_REQUIRED ACTION:_
Make an exact copy of every entry, leaving the pictures out.

Pictures with short captions
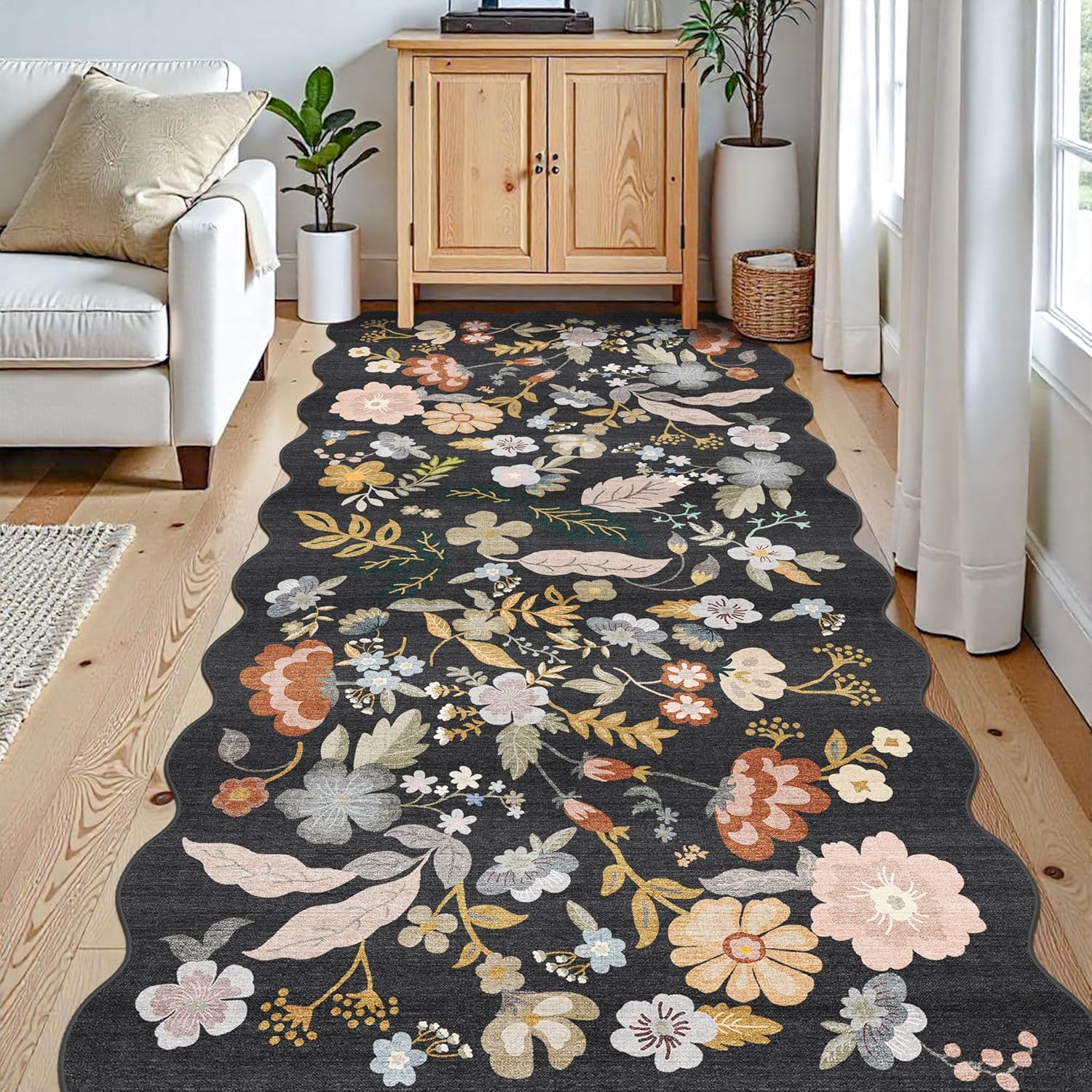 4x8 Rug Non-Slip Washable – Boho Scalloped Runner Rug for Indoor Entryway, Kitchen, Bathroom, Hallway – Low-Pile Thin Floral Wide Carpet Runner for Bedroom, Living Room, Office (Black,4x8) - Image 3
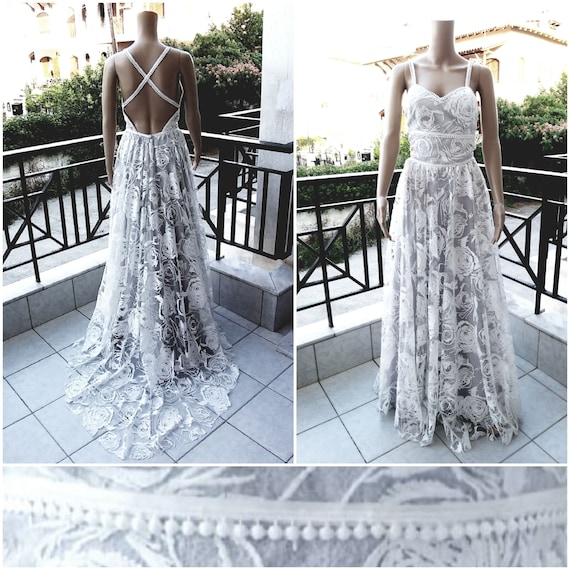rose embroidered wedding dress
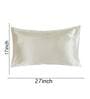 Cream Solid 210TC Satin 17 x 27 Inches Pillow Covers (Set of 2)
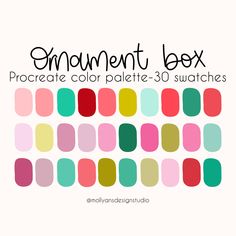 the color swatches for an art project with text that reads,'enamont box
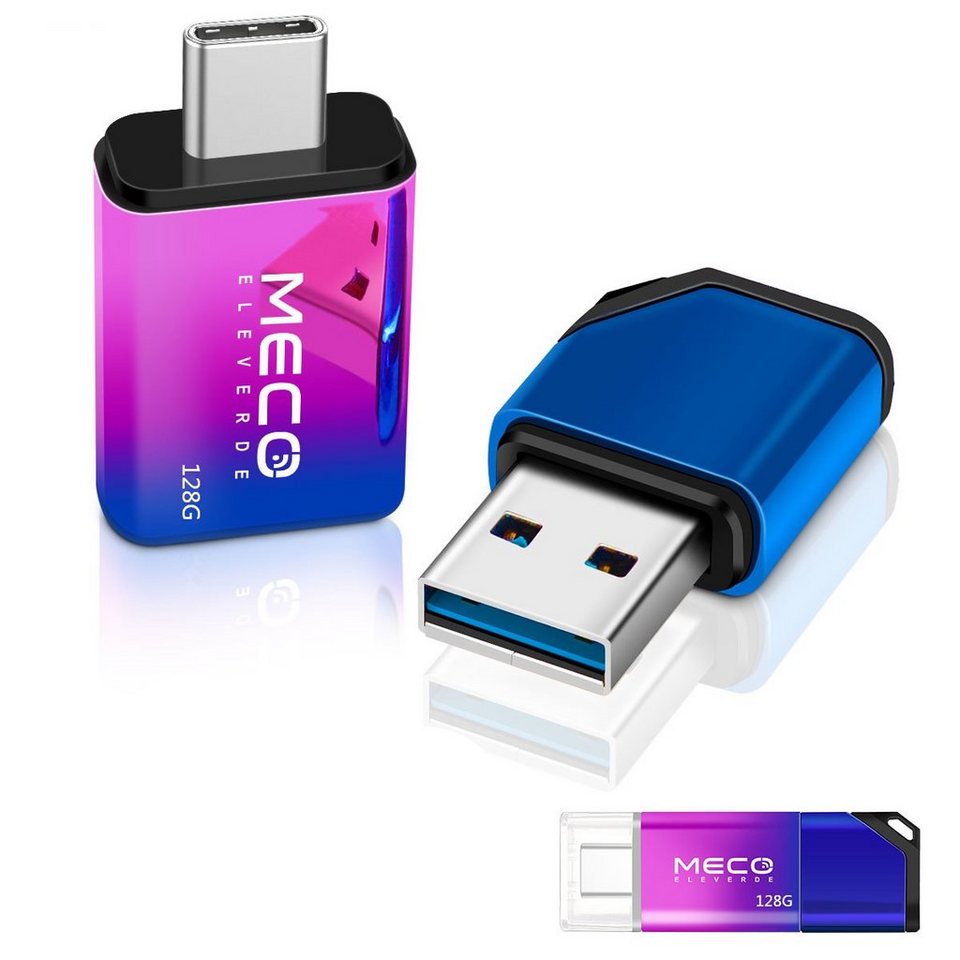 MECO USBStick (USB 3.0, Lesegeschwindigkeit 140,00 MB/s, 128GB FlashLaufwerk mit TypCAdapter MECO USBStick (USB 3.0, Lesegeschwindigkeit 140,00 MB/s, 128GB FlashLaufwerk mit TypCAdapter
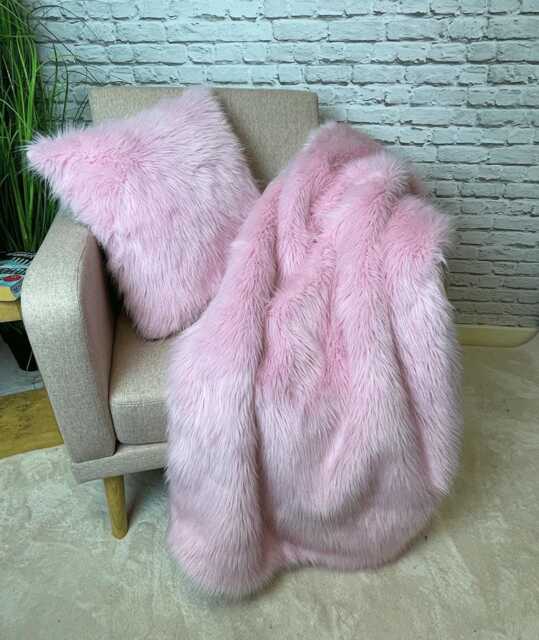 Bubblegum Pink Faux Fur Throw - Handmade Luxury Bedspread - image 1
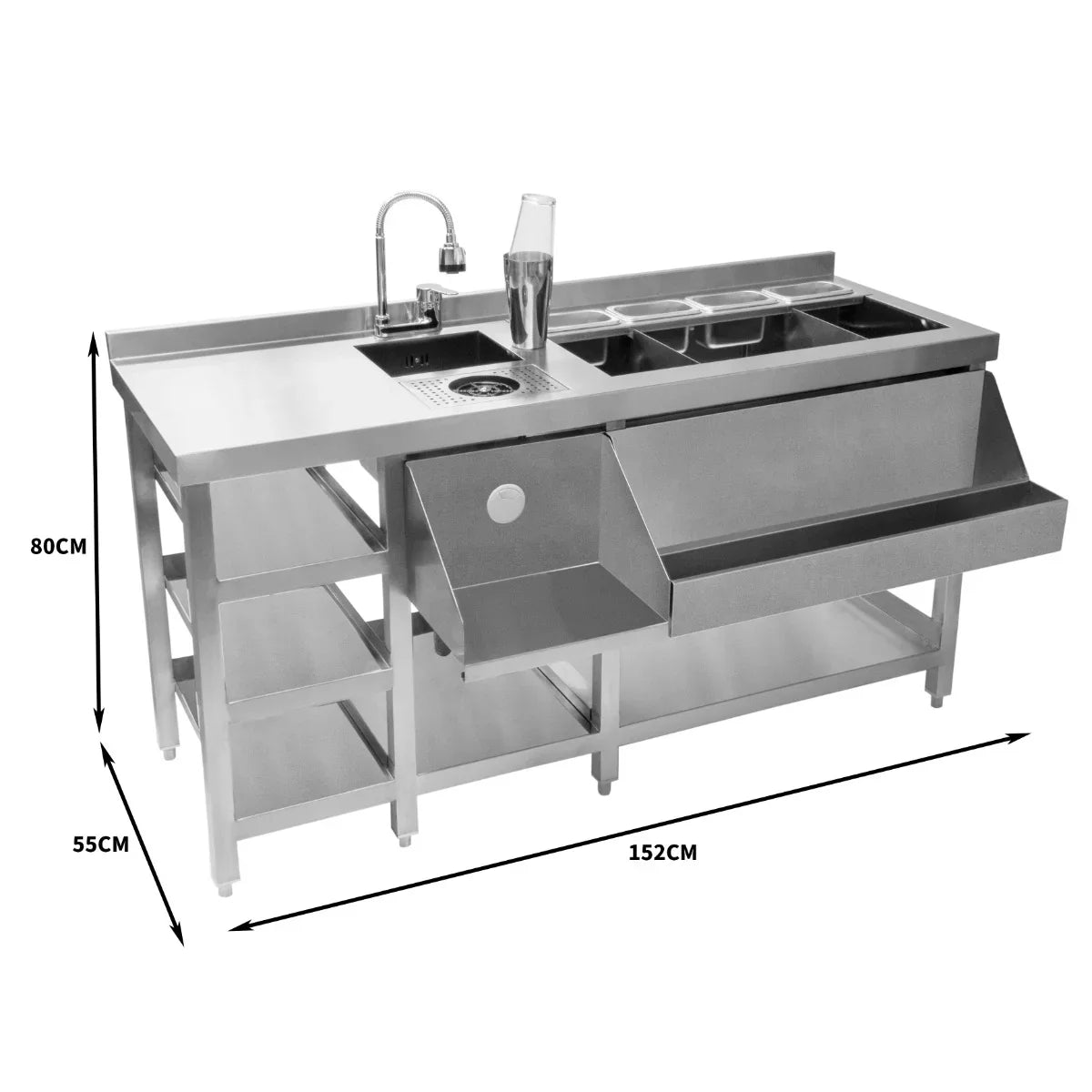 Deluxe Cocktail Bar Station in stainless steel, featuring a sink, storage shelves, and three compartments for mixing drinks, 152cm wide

_ANSWER BELOW:_
 4x8 Rug Non-Slip Washable – Boho Scalloped Runner Rug for Indoor Entryway, Kitchen, Bathroom, Hallway – Low-Pile Thin Floral Wide Carpet Runner for Bedroom, Living Room, Office (Black,4x8) - Image 3
rose embroidered wedding dress
 Cream Solid 210TC Satin 17 x 27 Inches Pillow Covers (Set of 2)
 the color swatches for an art project with text that reads,'enamont box
 MECO USBStick (USB 3.0, Lesegeschwindigkeit 140,00 MB/s, 128GB FlashLaufwerk mit TypCAdapter MECO USBStick (USB 3.0, Lesegeschwindigkeit 140,00 MB/s, 128GB FlashLaufwerk mit TypCAdapter
 Bubblegum Pink Faux Fur Throw - Handmade Luxury Bedspread - image 1
 Deluxe Cocktail Bar Station in stainless steel, featuring a sink, storage shelves, and three compartments for mixing drinks, 152cm wide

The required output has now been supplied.